American Fool is the fifth studio album by American singer-songwriter John Mellencamp (credited as John Cougar), released on April 12, 1982. The album was his commercial breakthrough, holding the No. 1 position on the Billboard 200 album chart for nine consecutive weeks. A remastered version of American Fool was released on Mercury/Island/UMe on March 29, 2005; it includes one bonus track, the previously unreleased title track.

Professional ratings
Review scores
| Source | Rating |
| AllMusic | Star Half star |
| Robert Christgau | B |
| Rolling Stone | Star |

==Production==
Producer Don Gehman stated in a 2011 interview that American Fool was fraught with layers of problems. "We had 20 or so songs, we had a record company that was hoping we were making a Neil Diamond‑type album, and after we spent two or three months in the studio recording these songs and mixing them to the best of our ability, I can remember an A&R guy in a pink shirt coming in to listen to them and basically thinking we had nothing. At that point, they put a stop to the project. We had ‘Jack & Diane,’ we had ‘Hand to Hold On To,’ we had ‘Weakest Moments’ — we had some good songs — and while I don’t know the precise nature of the discussions that took place, Riva went from wanting to get a new producer to not even wanting John on the label anymore. Finally, they came around to letting us finish it but wanting to hear the new songs we were going to cut."

According to a 1983 article in the Toledo Blade, the song "Danger List" originated when John Mellencamp heard his guitarist Larry Crane playing some chords in a basement rehearsal room. "I turned on the tape recorder and sang 30 verses,” Mellencamp explained. "I just made them up.
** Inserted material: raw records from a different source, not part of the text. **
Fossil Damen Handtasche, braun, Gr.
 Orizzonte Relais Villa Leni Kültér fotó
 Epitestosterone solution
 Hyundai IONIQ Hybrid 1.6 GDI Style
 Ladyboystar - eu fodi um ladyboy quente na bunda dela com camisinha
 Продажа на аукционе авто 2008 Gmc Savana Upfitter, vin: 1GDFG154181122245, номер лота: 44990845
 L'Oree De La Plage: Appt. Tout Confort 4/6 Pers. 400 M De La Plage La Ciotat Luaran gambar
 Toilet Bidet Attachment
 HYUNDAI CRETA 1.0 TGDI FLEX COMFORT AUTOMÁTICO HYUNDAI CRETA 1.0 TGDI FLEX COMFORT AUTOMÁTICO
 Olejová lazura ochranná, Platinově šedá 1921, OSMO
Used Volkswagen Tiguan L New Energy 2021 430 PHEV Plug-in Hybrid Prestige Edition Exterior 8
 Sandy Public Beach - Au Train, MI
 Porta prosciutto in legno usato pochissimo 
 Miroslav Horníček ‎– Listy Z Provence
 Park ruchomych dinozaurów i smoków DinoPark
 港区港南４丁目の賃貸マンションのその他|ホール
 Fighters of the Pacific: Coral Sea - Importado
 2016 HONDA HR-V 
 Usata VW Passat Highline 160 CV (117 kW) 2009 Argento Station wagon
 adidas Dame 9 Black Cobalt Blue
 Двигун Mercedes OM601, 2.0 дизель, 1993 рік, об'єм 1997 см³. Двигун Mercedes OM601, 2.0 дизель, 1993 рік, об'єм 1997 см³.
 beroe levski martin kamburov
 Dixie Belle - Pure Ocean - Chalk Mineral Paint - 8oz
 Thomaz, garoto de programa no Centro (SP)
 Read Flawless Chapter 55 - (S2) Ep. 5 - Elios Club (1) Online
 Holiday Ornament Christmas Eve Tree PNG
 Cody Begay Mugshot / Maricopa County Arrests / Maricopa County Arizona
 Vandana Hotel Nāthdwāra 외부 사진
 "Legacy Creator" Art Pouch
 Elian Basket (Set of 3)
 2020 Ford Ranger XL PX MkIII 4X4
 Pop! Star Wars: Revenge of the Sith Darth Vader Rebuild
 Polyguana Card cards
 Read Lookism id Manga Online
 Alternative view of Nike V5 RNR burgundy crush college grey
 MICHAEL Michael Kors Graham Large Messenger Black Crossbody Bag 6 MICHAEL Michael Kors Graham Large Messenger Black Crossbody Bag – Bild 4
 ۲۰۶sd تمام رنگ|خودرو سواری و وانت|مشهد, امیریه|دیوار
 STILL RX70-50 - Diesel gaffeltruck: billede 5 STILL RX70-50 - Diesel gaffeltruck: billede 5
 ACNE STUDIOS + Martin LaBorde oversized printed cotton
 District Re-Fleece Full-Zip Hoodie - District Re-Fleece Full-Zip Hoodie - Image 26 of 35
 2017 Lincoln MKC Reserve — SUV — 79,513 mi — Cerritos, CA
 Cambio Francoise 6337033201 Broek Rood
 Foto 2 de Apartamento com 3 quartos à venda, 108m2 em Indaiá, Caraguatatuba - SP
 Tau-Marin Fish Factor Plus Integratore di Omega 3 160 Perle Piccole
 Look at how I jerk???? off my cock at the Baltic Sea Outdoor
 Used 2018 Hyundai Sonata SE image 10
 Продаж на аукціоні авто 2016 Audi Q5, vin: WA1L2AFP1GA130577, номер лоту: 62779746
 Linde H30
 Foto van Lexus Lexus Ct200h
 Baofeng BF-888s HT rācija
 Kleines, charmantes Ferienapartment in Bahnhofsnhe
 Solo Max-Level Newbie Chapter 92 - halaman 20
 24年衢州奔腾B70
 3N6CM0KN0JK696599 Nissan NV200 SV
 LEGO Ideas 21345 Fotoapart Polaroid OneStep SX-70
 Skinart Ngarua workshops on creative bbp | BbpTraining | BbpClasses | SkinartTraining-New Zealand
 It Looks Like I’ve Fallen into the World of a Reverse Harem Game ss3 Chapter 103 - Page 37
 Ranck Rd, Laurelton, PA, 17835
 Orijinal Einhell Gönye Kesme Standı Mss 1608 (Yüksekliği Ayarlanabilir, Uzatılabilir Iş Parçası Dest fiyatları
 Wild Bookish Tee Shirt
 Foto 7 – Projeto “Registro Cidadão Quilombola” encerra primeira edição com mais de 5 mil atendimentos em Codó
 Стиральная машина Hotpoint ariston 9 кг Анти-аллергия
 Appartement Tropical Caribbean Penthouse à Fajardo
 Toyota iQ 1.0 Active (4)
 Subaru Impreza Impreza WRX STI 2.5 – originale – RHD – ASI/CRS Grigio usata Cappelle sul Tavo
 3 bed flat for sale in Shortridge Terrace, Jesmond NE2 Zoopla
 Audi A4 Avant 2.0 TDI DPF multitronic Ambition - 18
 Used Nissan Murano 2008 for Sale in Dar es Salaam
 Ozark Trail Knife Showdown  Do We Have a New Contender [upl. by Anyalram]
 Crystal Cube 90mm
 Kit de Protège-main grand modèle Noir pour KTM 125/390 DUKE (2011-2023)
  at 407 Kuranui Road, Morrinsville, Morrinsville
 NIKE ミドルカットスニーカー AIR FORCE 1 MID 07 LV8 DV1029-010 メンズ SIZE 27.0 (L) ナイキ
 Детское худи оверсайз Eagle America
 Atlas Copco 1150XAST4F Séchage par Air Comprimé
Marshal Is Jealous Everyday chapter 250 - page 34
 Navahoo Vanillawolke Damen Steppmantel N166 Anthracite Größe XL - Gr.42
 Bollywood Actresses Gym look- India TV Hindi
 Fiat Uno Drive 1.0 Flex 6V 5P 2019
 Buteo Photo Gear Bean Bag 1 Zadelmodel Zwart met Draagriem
Then I went and weeded out the ones I didn't like."

==Track listing==
All songs written by John Mellencamp, except where noted.

1. "Hurts So Good" (Mellencamp, George M. Green) – 3:42
2. "Jack & Diane" – 4:16
3. "Hand to Hold On To" – 3:25
4. "Danger List" (Mellencamp, Larry Crane) – 4:28
5. "Can You Take It" – 3:35
6. "Thundering Hearts" (Mellencamp, Green) – 3:40
7. "China Girl" (Joe New, Jeff Silbar) – 3:34
8. "Close Enough" – 3:38
9. "Weakest Moments" – 4:07
10. "American Fool" (2005 re-issue bonus track) – 3:46

==Personnel==
Sources:
- John Mellencamp – lead vocals, guitar, tambourine
- Larry Crane – guitar, background vocals
- Mike Wanchic – guitar, background vocals
- Kenny Aronoff – drums, LinnDrum on "Jack & Diane"
- George "Chocolate" Perry – bass
- Mick Ronson – guitar, background vocals, percussion on "Jack & Diane"
- Robert "Ferd" Frank – bass, background vocals
- Eric Rosser – keyboards
- Dave Parman – background vocals

==Charts==

===Weekly charts===

| Chart (1982) | Peak position |
|---|---|
| Australian (Kent Music Report) | 18 |
| Canada Top Albums/CDs (RPM) | 1 |
| Swedish Albums (Sverigetopplistan) | 30 |
| UK Albums (Official Charts) | 37 |
| US Billboard 200 | 1 |

===Year-end charts===

| Chart (1982) | Position |
|---|---|
| Canada Top Albums/CDs (RPM) | 3 |
| US Billboard 200 | 4 |
| Chart (1983) | Position |
| US Billboard 200 | 32 |

==Certifications==

Certifications for American Fool
| Region | Certification | Certified units/sales |
| Canada (Music Canada) | 5× Platinum | 500,000^{^} |
| United States (RIAA) | 5× Platinum | 5,000,000^{^} |
^{^} Shipments figures based on certification alone.